We all know about the gradual shift of the world's wealth into the hands of the 0.1% and how it has continued to the extent that they can't possibly spend it and put it back into the economy. However it also seems that the super rich aren't investing as much as we might expect them to either. They have stopped building business to the extent that they were "meant to" by the economic model and are becoming more content to let their capital feed on and nourish itself.

Cash hoarders have bloated bank accounts full of "stuff" they have no use for. They take delight in counting it and checking that it's all still there, rather than in what it can do to improve their lives. There is an argument that these people are to be pitied just as much as those who fill their homes with old newspapers and other rubbish. However, on the other hand, a TED discussion concludes that: " the harm caused by a wealth hoarder is generally imposed upon their community while for other forms of hoarding it is the hoarder themselves who bears the brunt of that behaviour." 

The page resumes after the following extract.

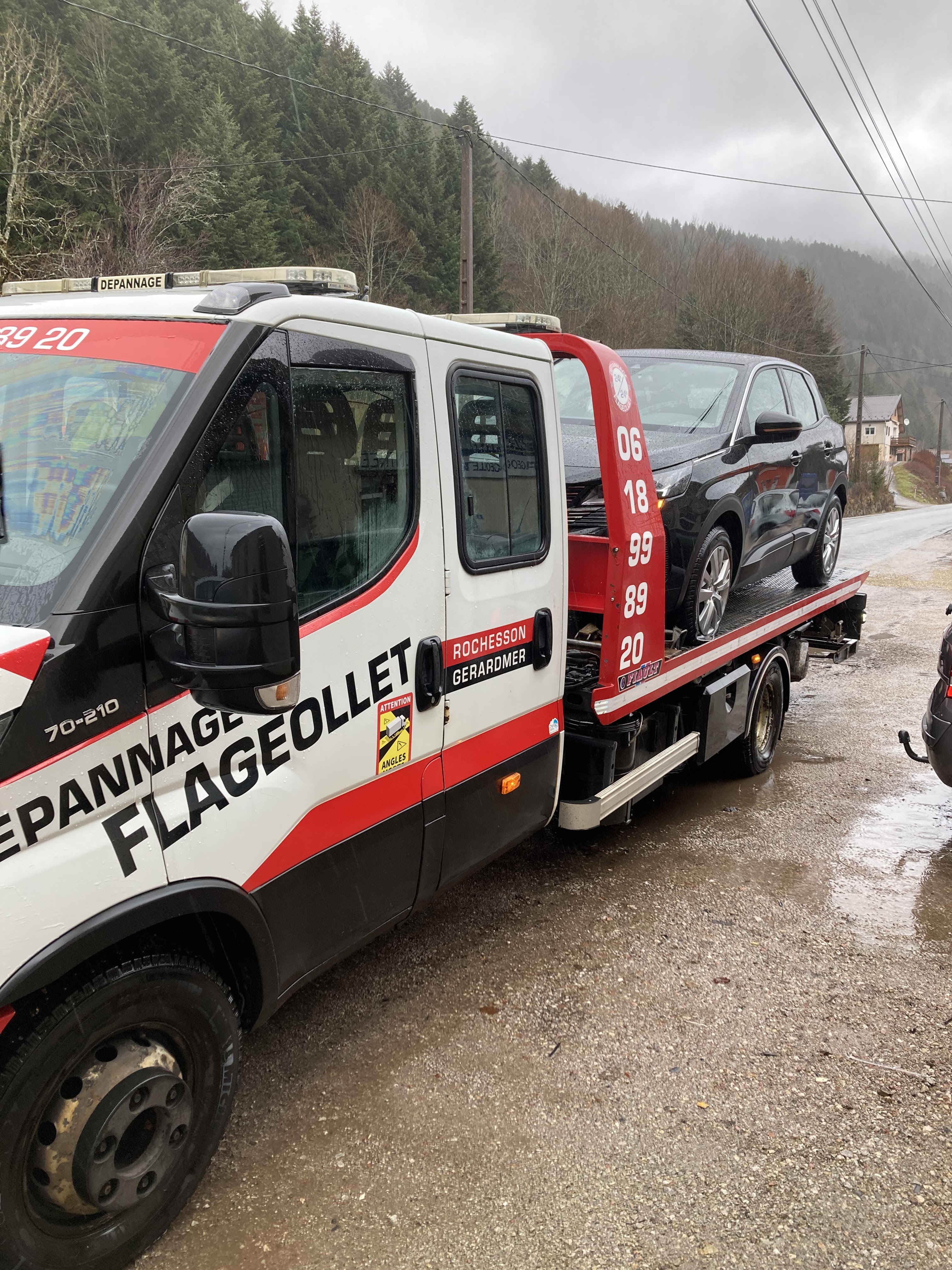 Photo n° 2 de l'avis de Bernard.I fait le 23/03/2023 à 12:57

Those of us in the PF/FiRE world often (and rightly) pour scorn on the need people seem to have to buy more and more "things" and have more and more "stuff", but stock piling wealth for its own sake could be regarded as just as much, if not more of, a sin. I see it time and time again on MSE forums - people who obviously have far, far more than they need raising anxious questions about what to do with the rest to make sure it continues to grow. I struggle to see how having all that money is enriching their lives (although Freud could probably give me a theory :-))

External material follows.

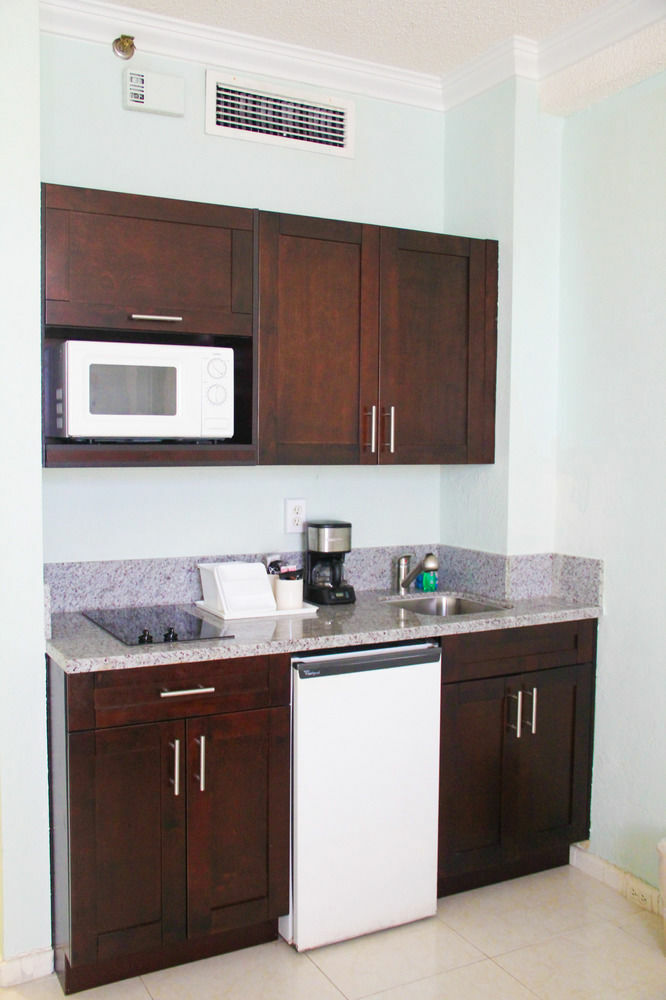 Historic Hollywood Beach Resort Hallandale Beach Ngoại thất bức ảnh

In the budget next week George Osborne is expected to introduce more incentives for building, keeping and passing on wealth for those of us who are fortunate enough to be in a position to do so. Maybe he should be concentrating on encouraging us to see the benefits of knowing when we have enough and giving us ethical and effective ways of investing it back into the world we live in.1

1 See Mr Z and DD for some ideas


  1. Once you know that governments can seize all they like, can you ever have enough? If I knew how to keep some money in Switzerland and Singapore I would.

    Remember the Jewish families who survived because they'd always kept an emergency fund in diamonds.

    1. Having distrust in the government to this extent would be a pretty miserable way to live but I suppose there must be ways of hiding cash (tin can buried in the garden?) if this is a concern.

  2. Really a very interesting post, Cerridwen.

    You're right of course. The super-rich rarely have the economic effect people believe. The idea of trickle down (that is, the super rich spending and it going into the growth of the broader economy) is flawed. An individual, can, as you say, only spend so much at any one time.

    I remember seeing Theo Paphitis and Peter Jones on Top Gear once and they described their wealth as a score card. That is all it is. However, whereas with a scorecard like that of crazy golf or something you don't get the benefit of filling the scorecard yourself or a nice game in the meantime. The money scorecard is largely self-filling. Where is the fun in that?

    I hope one day to have enough money to live off comfortably. But beyond that? All I can think of is it being used to help others live a little more comfortably themselves. To just hoard it seems pointless and antisocial. A new age of philanthropy would be greatly welcomed in this regard!

    Thanks for the mention as well. Much appreciated!

    1. Thanks DD. I love your idea of a new age of philanthropy. :-)

      Personally though, I'd rather the distribution of wealth was achieved by measures to promote greater income equality rather than by the rich giving to the poor. That way we all get to feel better about ourselves and the society we live in, not just those with the means to choose to put their excess into the charity box (or not).

  3. I must confess to loving the sport of accumulation and growth, but I'm also attracted to the intellectual side. It's a good mental workout. Be interesting to see what I'm like when I've more than "enough" in the bank.